President Donald Trump’s visit will see the signing of an agreement between India Oil Corporation (IOC) and US energy firms ExxonMobil and Chart Industries to facilitate the Narendra Modi government’s ambitious plan to supply clean fuel to remote areas without pipelines, people familiar with the plan said on Friday.

The two sides are expected to sign at least five agreements in areas ranging from nuclear power to homeland security during Trump’s two-day visit beginning on February 24. They are also expected to ink some defence deals, including a $2.6-billion contract for 24 MH-60R Seahawk helicopters for the Indian Navy.

The agreement between the energy companies is aimed at improving the supply of gas to the doorstep in areas where the pipeline infrastructure is currently not developed, the people cited above said on condition of anonymity.

“Till the time that the gas pipeline network is developed, transportation of gas in containers is an efficient alternative. US companies like ExxonMobil and Chart have expertise in transporting gas in containers,” said one of the people.

“This agreement will allow us to tap into the American expertise and facilitate clean and efficient access to gas in areas not yet connected to the pipeline network,” the person added.

A second person said IOC is expected to operationalise two separate memorandums of understanding (MoUs) with ExxonMobile and Chart and gain from their technical expertise in transporting liquefied natural gas (LNG) by road to implement the government’s “LNG at Doorstep” scheme. LNG is short for liquified natural gas.

The “LNG at Doorstep” initiative involves making LNG available to customers in areas not connected to gas pipeline infrastructure, an IOC executive said.

The scheme is based on highly specialised technology to transport gas through a cryogenic system, store the gas in a cryogenic holding tank at the target location, and then regasify it on-site using vaporisers so that it can be used as fuel.

“The entire operation, being concealed, eliminates the possibility of adulteration and pilferage,” the executive said, asking not to be named.

IOC signed an MoU with the global energy giant’s affiliate, ExxonMobil India LNG Limited, last October to explore opportunities for cost-effective transportation of gas to remote areas not connected to pipeline networks.

In March 2019, IOC also sighed an MoU with Chart Industries, a diversified global manufacturer of highly engineered equipment for industrial gas and energy, to promote development of the LNG market in India.

India is also looking to collaboration with the US in the energy sector and increased oil and gas purchases as a means to reduce the trade deficit and ensure balanced trade. These moves are also in line with New Delhi’s plans to diversify sources of energy and reduce over-dependence on the volatile West Asian region.

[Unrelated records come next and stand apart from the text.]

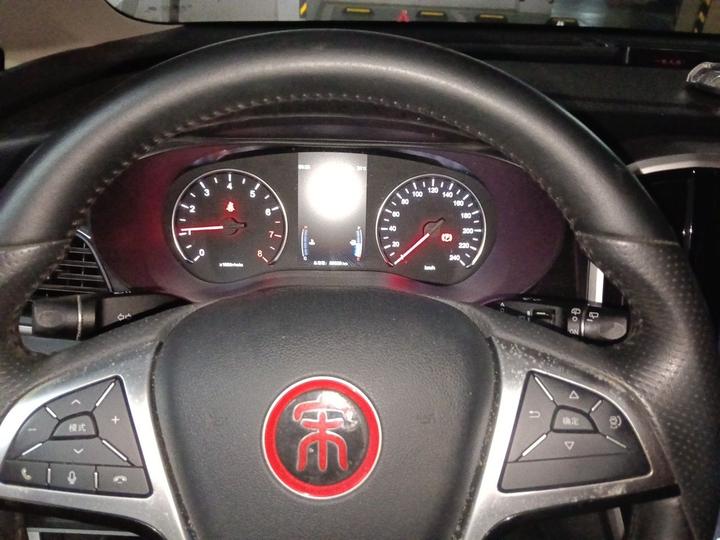 Song MAX 2017 1.5T AT Connected Elite 7-Seater photo 8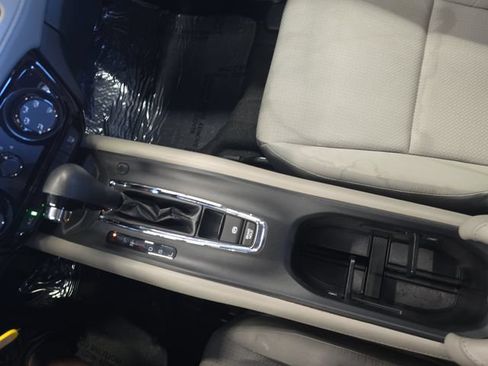 Used 2019 Honda HR-V LX image 26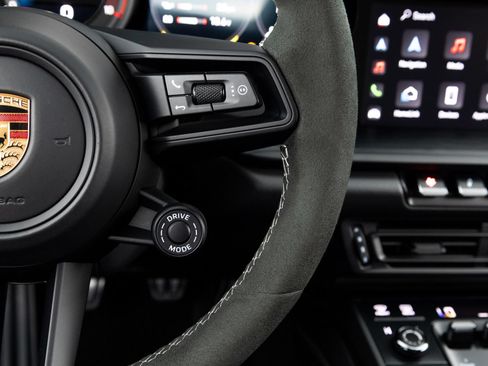 Certified 2022 Porsche 911 GT3 RWD image 16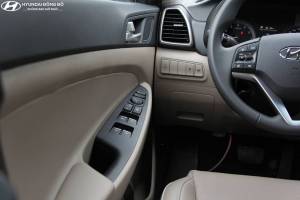 Cửa lái Tucson 2019 bản turbo 1.6at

Over the past few years, the US has become India’s sixth largest source of crude oil and India is also the fourth largest customer for US hydrocarbons. In February 2019, IOC finalised term contracts for US crude oil imports - the first such deals by any Indian public sector unit. The total value of crude and LNG imports from the US is currently estimated at $6.7 billion.

“The US has emerged as a key partner for India in energy. India is an important market for US exports, and American energy resources are helping to provide the energy security and diversity required for India’s economic growth and ever-increasing energy demand,” said the first person cited above.

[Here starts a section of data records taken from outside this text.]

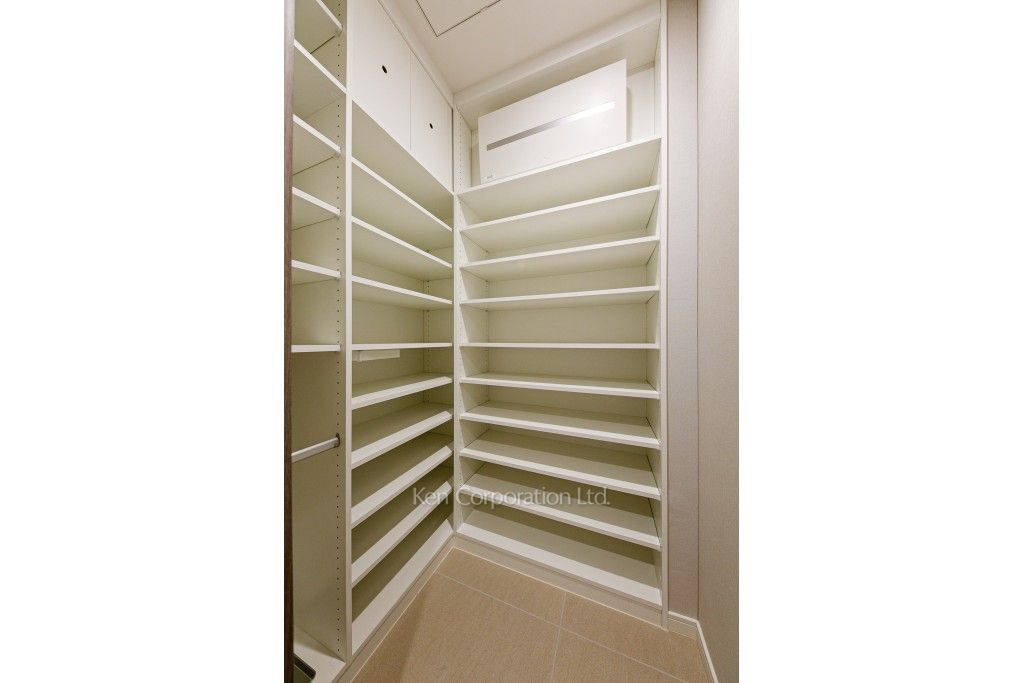 麻布台ヒルズ ガーデンプラザレジデンスの写真 シューズインクローゼット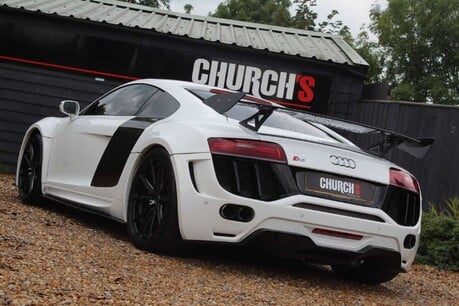 Audi R8 4.2 FSI V8 S Tronic quattro Euro 5 2dr 19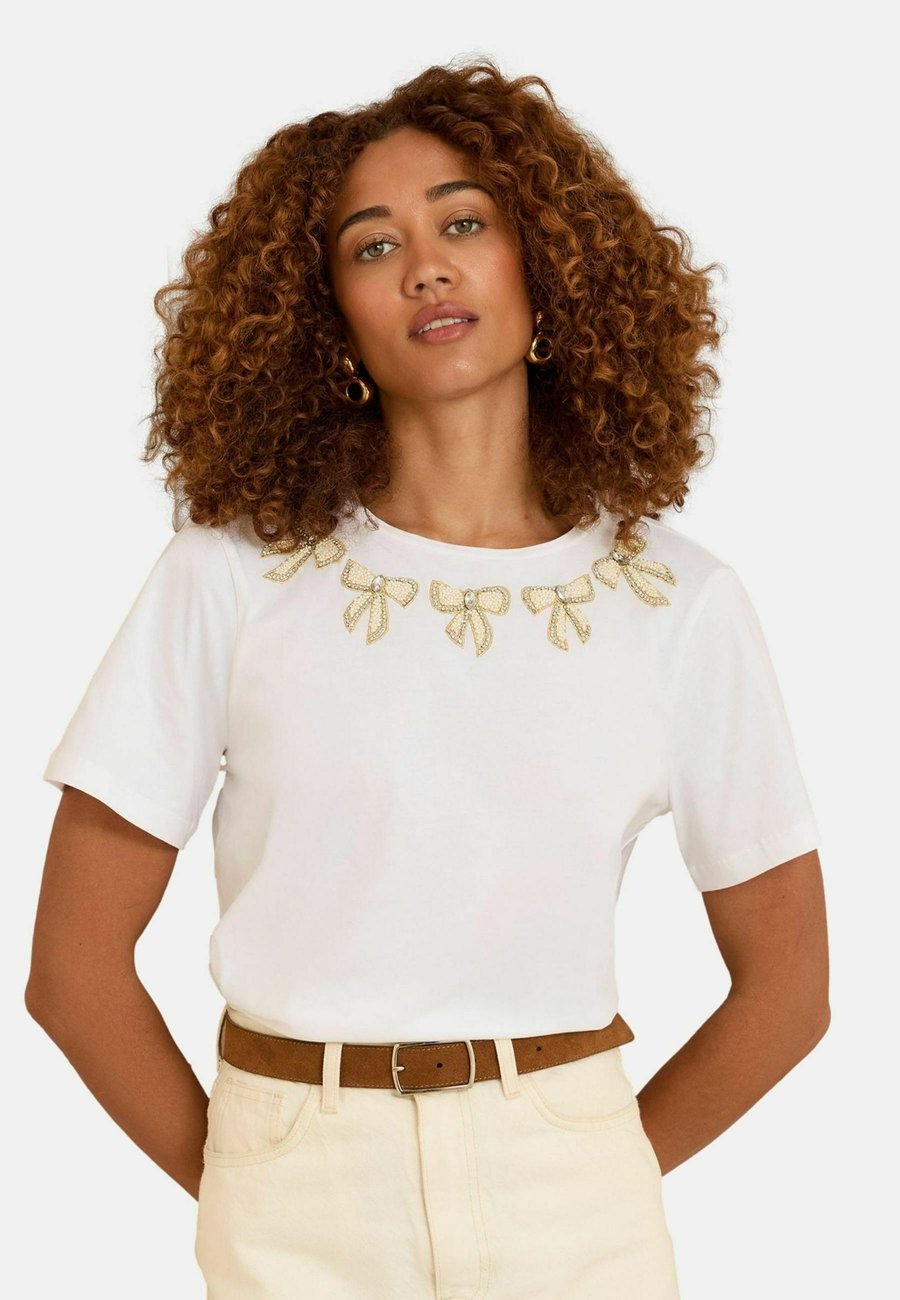 Футболка Love & Roses REGULAR FIT-CREW NECK , Ivory Embellished Bows/White, Белый, Футболка Love & Roses REGULAR FIT-CREW NECK , Ivory Embellished Bows/White
Футболка Love & Roses REGULAR FIT-CREW NECK , Ivory Embellished Bows/White, Белый, Футболка Love & Roses REGULAR FIT-CREW NECK , Ivory Embellished Bows/White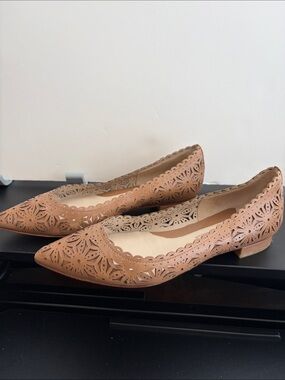 Vaneli Tan Laser-Cut Pointed Toe Flats with Scalloped Trim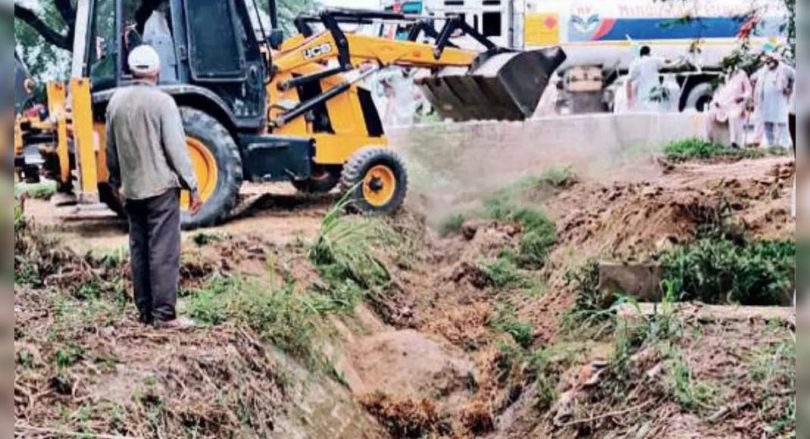 There is no water for irrigation, farmers from 3 Bathinda villages fill the canal with sand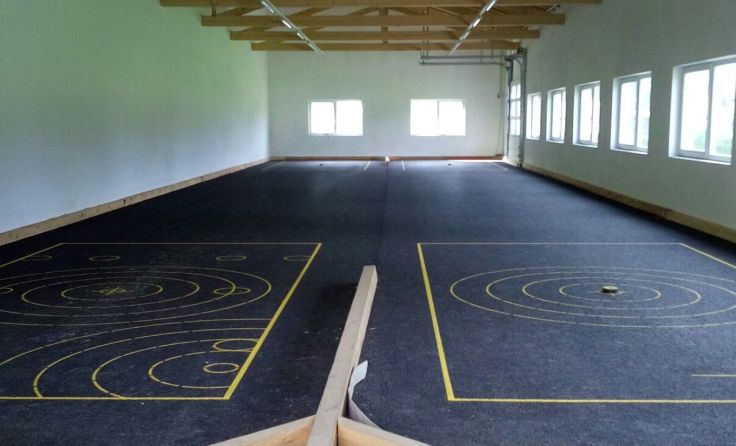 Zwei Bahnen stehen in der neuen Stocksporthalle in Molln zur Verfügung.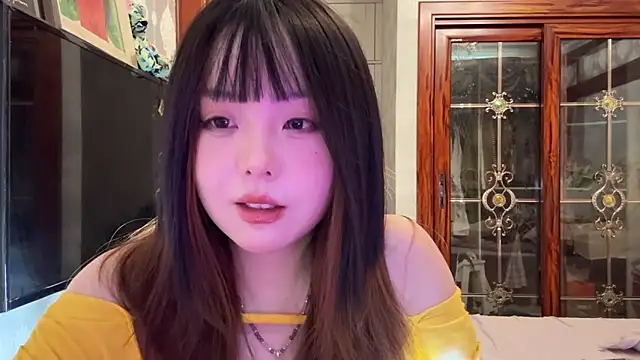 thelittlexx online show from 04-18-26, 08:07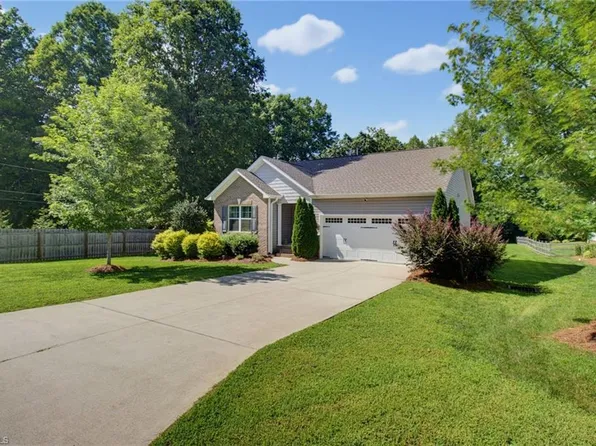 3091 Walker Ridge Dr, Walkertown, NC 27051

At the National Conclave on Emerging Opportunities in Natural Gas Sector, held in New Delhi on January 23, oil minister Dharmendra Pradhan said India would discuss long-term LNG deals with the US during Trump’s visit. This, he said, was part of India’s strategy to promote a gas-based economy that can attract investments of about Rs 4 lakh crore in the next five years.

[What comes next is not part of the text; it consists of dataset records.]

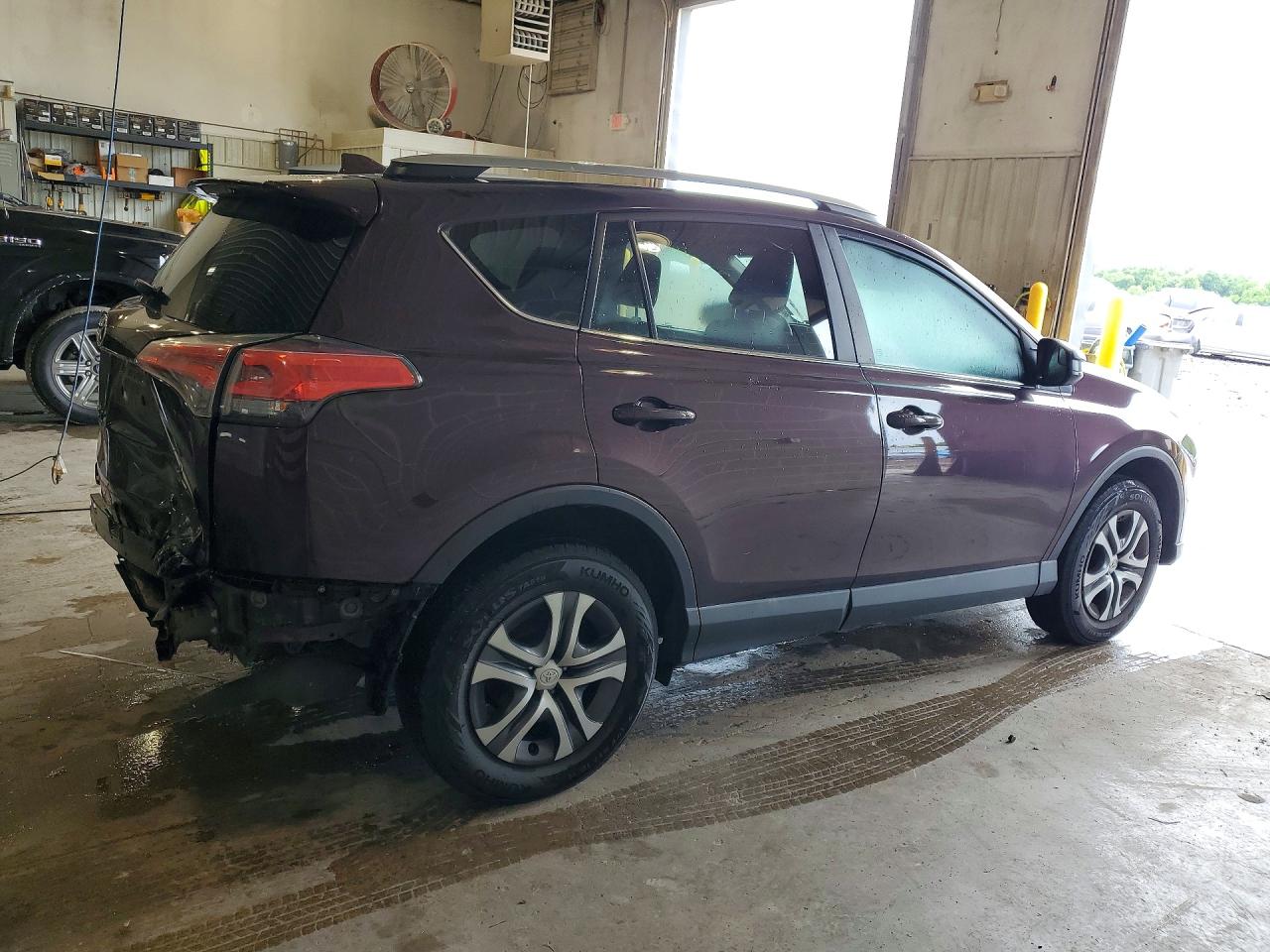 2017 Toyota Rav4 Le Purple vin: 2T3BFREV8HW589063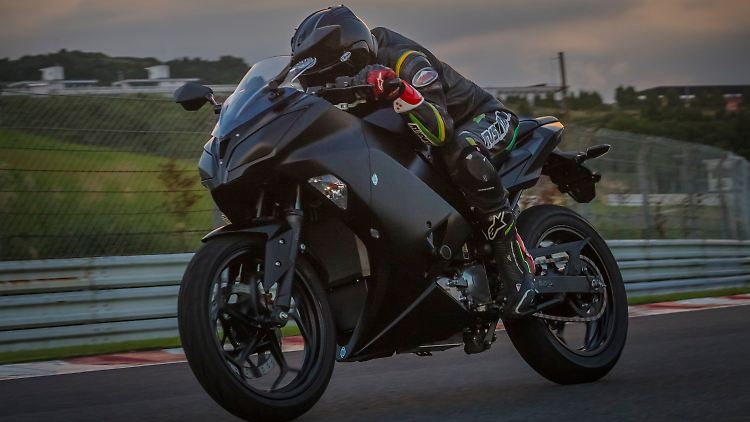 Kawasaki hat erste Bilder von Prototypenfahrten ihres kommenden Elektromotorrads veröffentlicht.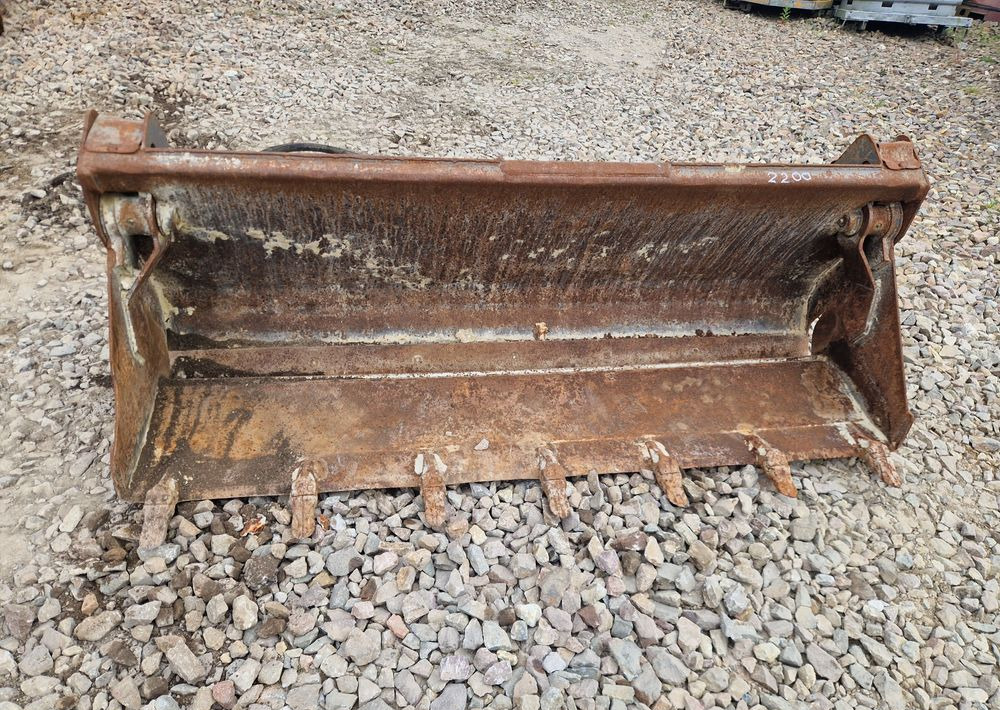 Koparka kołowa Mecalac MECALAC 4w1 lub 3w1 2012 Łyżka 4w1 Mecalac 10, 12 - Ekskavatoriaus kaušas - Statybinė technika: foto 5 Koparka kołowa Mecalac MECALAC 4w1 lub 3w1 2012 Łyżka 4w1 Mecalac 10, 12 - Ekskavatoriaus kaušas - Statybinė technika: foto 5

India’s primary energy mix includes a 6.2% share of gas, while the global average is 24%. India plans to increase the share of gas to 15% by 2030. An India-US natural gas task force was created in 2018 to increase the share of gas in India’s energy mix.

In 2018, the two sides finalised the Partnership to Advance Clean Energy-Deployment (PACE-D) programme to accelerate the use of renewable energy (RE) technologies in India through technical assistance. The “Flexible Resources Initiative” under the US-India Clean Energy Finance Task Force was also launched last October to advance high-impact areas of collaboration to improve India’s energy security and air quality.

Former GAIL India chairman UD Chobey said: “There is no doubt India is a gas-deficient market and there is huge demand for clean fuel. But success of any scheme [such as LNG at Doorstep] will depend on the affordability for the consumer, that is, the price of domestic gas at the burner tip.”